Happy Happy fall! I just love making fall desserts. I can't get enough pumpkin.. so pumpkin cookies it is. All the credit goes to Glenda Babcock for these amazing little suckers. Here's what you'll need
Crisco, sugar, an egg, vanilla, pumpkin, cinnamon, flour, baking powder, and pecans. In a large mixing bowl, beat together crisco and sugar
Once well combined, add the egg and vanilla
Beat; add pumpkin :)
Then mix in all your dry ingredients
Fold in pecans
Scoop onto a parchement paper lined baking sheet
Press down lightly (these don't flatten while baking). Bake about 8 minutes. Let cool on baking sheet a couple of minutes. Transfer to a plate or cooling rack. While cooling, prepare the brown sugar glaze. Listen... you MUST make the glaze. It makes the cookies 1000 times better. Trust. Here's what you'll need for the brown sugar glaze
Butter, brown sugar, powdered sugar, vanilla, and cream or milk. Beat together butter, vanilla, and brown sugar (The butter is actually just meant to be soft, not melted. oops. worked anyways!)

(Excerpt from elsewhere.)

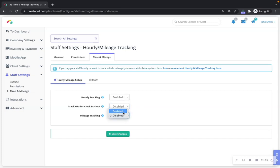Mileage tracking is designed for all pet care companies that track their mileage. Mileage tracking also includes handy reports in Time2Pet so you and your team can quickly see your miles driven.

Mix until well combined. Add cream and powdered sugar
Whisk in well. Pour generously over each cookie
Here's the inside of a cookie.. I ended up experimenting and added butterscotch chips to some dough. I'm so glad I did, but that is definitely optional
These are very addicting, so beware. But enjoy :) Once again, Happy fall
Pumpkin Cookies
1 cup vegetable crisco
1 cup sugar
1 egg
2 tsp. vanilla
1 cup pumpkin
2 cups flour
2 tsp. cinnamon
1 tsp. baking powder
1/2 cup chopped pecans (optional)
1/2 cup butterscotch chips (optional)
Cream together shortening and sugar. Add egg and vanilla; beat well. Mix in pumpkin. Stir in all the dry ingredients. Lastly, fold in pecans and butterscotch chips. Scoop onto a parchment paper lined baking sheet. Slightly flatten the cookies. Bake at 375 degrees for 8-10 minutes. Cool on baking sheet a couple of minutes. Transfer to a plate, foil, or cooling rack. Now prepare the glaze.
Brown Sugar Glaze:
1 cup brown sugar
3 Tbs. butter, soft or melted
1 tsp. vanilla
1 cup powdered sugar
3 Tbs. milk or cream
Beat together butter, brown sugar, and vanilla until smooth. Add cream and powdered sugar. Whisk until well combined, adding more cream if glaze is too thick. Pour a generous amount over each cookie. Eat up! Store in airtight container up to 3 days.